今週のさそり座の運勢
illustration by ニシイズミユカ
成熟と発心
今週のさそり座は、意識と無意識との距離感がグッと縮まっていくような星回り。
無頼派を代表する作家・坂口安吾の、短い教員時代を振り返った自伝的作品『風と光と二十の私と』という作品に、「私はそのころ太陽というものに生命を感じていた」という1文から始まる箇所があり、その中に次のような一節があります。
「私と自然との間から次第に距離が失われ、私の感官は自然の感触とその生命によって充たされている。私はそれに直接不安ではなかったが、やっぱり麦畑の丘や原始林の木暗い下を充ちたりて歩いているとき、ふと私に話かける私の姿を木の奥や木の繁みの上や丘の土肌の上に見るのであった。」
あなたもまた、自分を根本のところで突き動かしている衝動に改めて繋がっていくことになるかも知れません。
今週のいて座の運勢
illustration by ニシイズミユカ
絶妙な塩梅を探る
今週のいて座は、大局的な視点から自分たちを見据え、応えていこうとするような星回り。
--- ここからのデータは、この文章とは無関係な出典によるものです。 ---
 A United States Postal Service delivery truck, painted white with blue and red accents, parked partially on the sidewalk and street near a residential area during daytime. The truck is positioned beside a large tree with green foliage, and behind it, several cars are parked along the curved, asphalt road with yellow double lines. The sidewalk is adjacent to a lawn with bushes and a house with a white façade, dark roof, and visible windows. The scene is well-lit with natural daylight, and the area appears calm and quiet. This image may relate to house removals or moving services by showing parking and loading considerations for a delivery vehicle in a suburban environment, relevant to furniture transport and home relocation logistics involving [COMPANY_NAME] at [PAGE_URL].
『百年後皆笑ひ者ビール注ぐ』(加藤静夫)という句のごとし。掲句の作者は、自分を含めたいまの社会全体を見据えて「百年後皆笑ひ者」と書いたのでしょう。
そして、ともすれば不安と敵意にハマりこみがちな自分たちの心理を「まあ落ち着け」と和らげるつもりで「ビール注ぐ」と結んだのかも知れません(それとも、集団的狂気をより加速させ、もう引き返せないのなら行く処まで行ってしまえという意図か)。
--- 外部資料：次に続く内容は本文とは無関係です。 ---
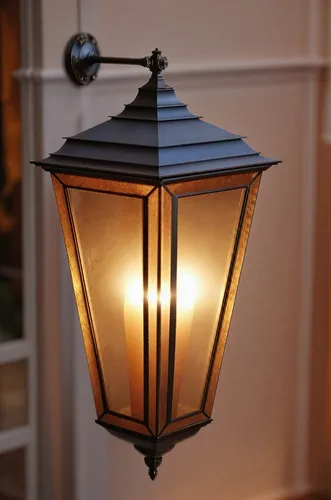 a lamp fixture with a lit bulb in the middle,vintage lantern,illuminated lantern,street lantern,facade lantern,gas lamp,lamplight,oriental lantern,hanging lantern,japanese lantern,christmas lantern,re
あなたもまた、そんな作者のごとく、どうしたら自分たちの混乱と分断とを和らげていくためのムーヴをとっていけるかということが問われていくでしょう。
今週のやぎ座の運勢
illustration by ニシイズミユカ
戦慄、うめき、不可解
今週のやぎ座は、不可解な邂逅をその不可解さごと受け止めていこうとするような星回り。
作者の綿密な観察と記憶とによって綴られた『怪しい来客簿』に収録された一篇に、「空襲のあと」という終戦前後の実体験に基づく話があり、そこに不可解な老婆が出てきます。
白い鼻汁をたらしながら焼け跡を歩き回る老婆の姿には、もっと黒いユーモアが込められているように思われ、なぜそうなってしまったのかが不可解であるために、ますます不気味さを増して、人間が生きていく限りの本質が確かにここに描かれているように感じられるはず。
あなたもまた、より奥深いユーモアをこそ求めていくことになるでしょう。